I decided to change things up at Pro Tour Theros, and while I’m glad I did, my results were definitely mixed—due to unforeseen events. In recent years, I’ve leaned heavily toward aggressive decks for the Constructed portion of Pro Tours while forcing specific colors for the Draft portion. While I’ve had solid reasons for doing so, I think I’ve been holding myself back. This time, I decided to take the gloves off.

Firedrinker Satyr
The reason I leaned toward aggressive decks was to make my play decisions easier. In the past, I wouldn’t have taken such a thing into consideration because I have always had supreme confidence in my ability to play as well as anyone in the world. In recent years, I’ve begun to reconsider that attitude for practical reasons. First, due to other parts of my life getting in the way, I spend much less time prepping for Pro Tours. Second, now that Pro Tours are two formats instead of one, I am forced to split that reduced prep time, making my Constructed prep time even briefer.

Playing aggressive decks help in multiple ways. First, I don’t have to know the metagame all that well. My goal is to try to kill my opponent before his or her deck really gets going, whatever he or she happens to be playing. Second, shorter games make for fewer decision points, which I figured would help me compensate for my lack of prep time. Third, the decisions are usually simpler: Do I burn the opponent’s creature or save it for his or her face? Do I play all of my creatures or hold some back? Do I keep a one-land hand? Those were usually the toughest questions that came up.

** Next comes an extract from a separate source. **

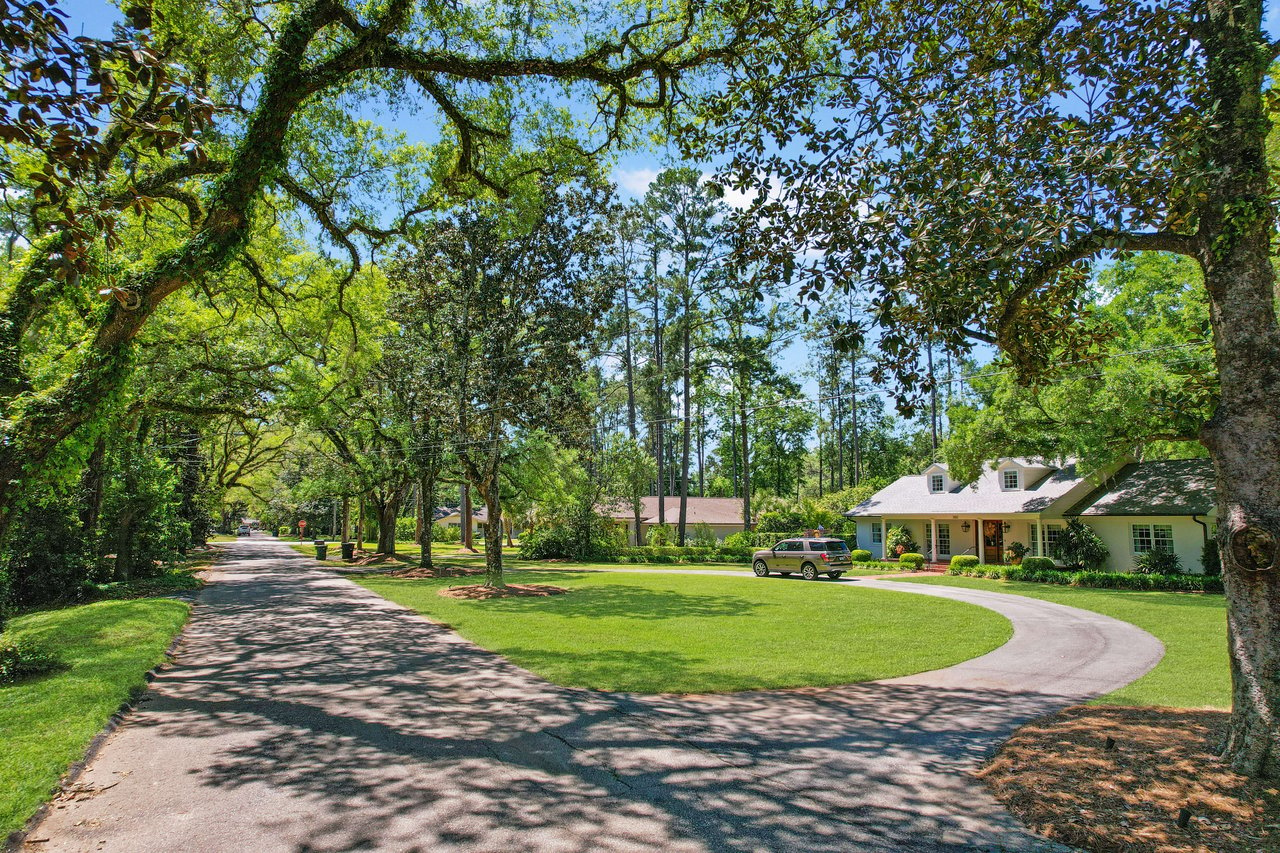 A ground-level view of a scenic road in the Piedmont Live Oak neighborhood, lined with large oak trees and a clear pathway.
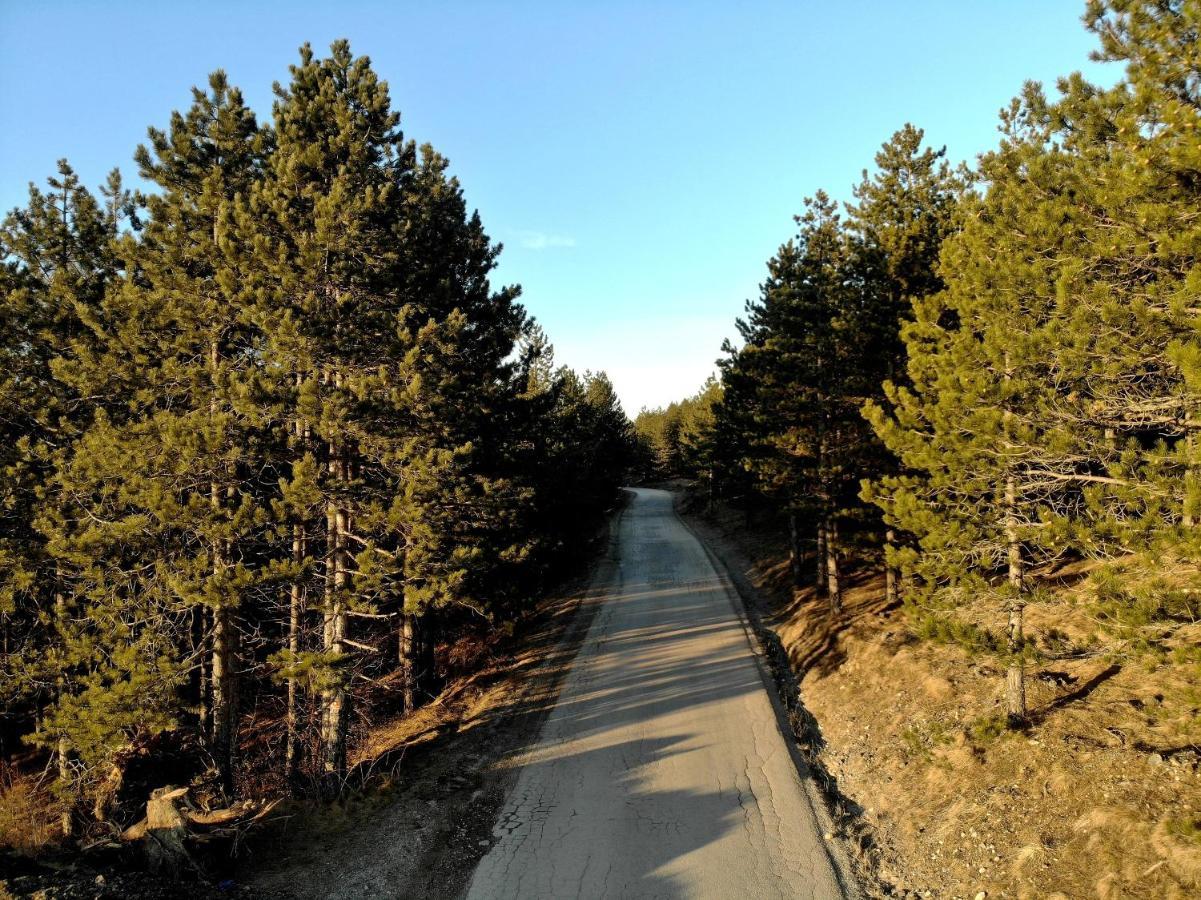 Zlatibor Hills Royal Apartment Luaran gambar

In Draft, I compensated for lack of prep time by picking one or two archetypes and just trying to master and force those rather than prepare to play whatever would be passed to me. This strategy was better-suited and more effective for drafting some sets than others.

As I prepped for Pro Tour Theros, I decided on a major change to my approach. With my old approach, I usually either just missed Day 2 or barely made Day 2, but I certainly wasn’t finishing in the money. Given my lack of prep time, the results I was getting were respectable, but I’m way past worrying about whether my results are respectable. I attend Pro Tours for glory, money, and playing against the best competition at the highest level. It was certainly worth risking being crushed on Day 1 in the cause of trying to improve my merely “respectable” results.

There were two big problems to my approach to Constructed. First, I wasn’t always playing a deck that was well-placed for the metagame. Second, by trying to shorten games and reduce the number of decisions that needed to be made, I was taking away one of my biggest advantages: the fact that I’m a really good Magic player.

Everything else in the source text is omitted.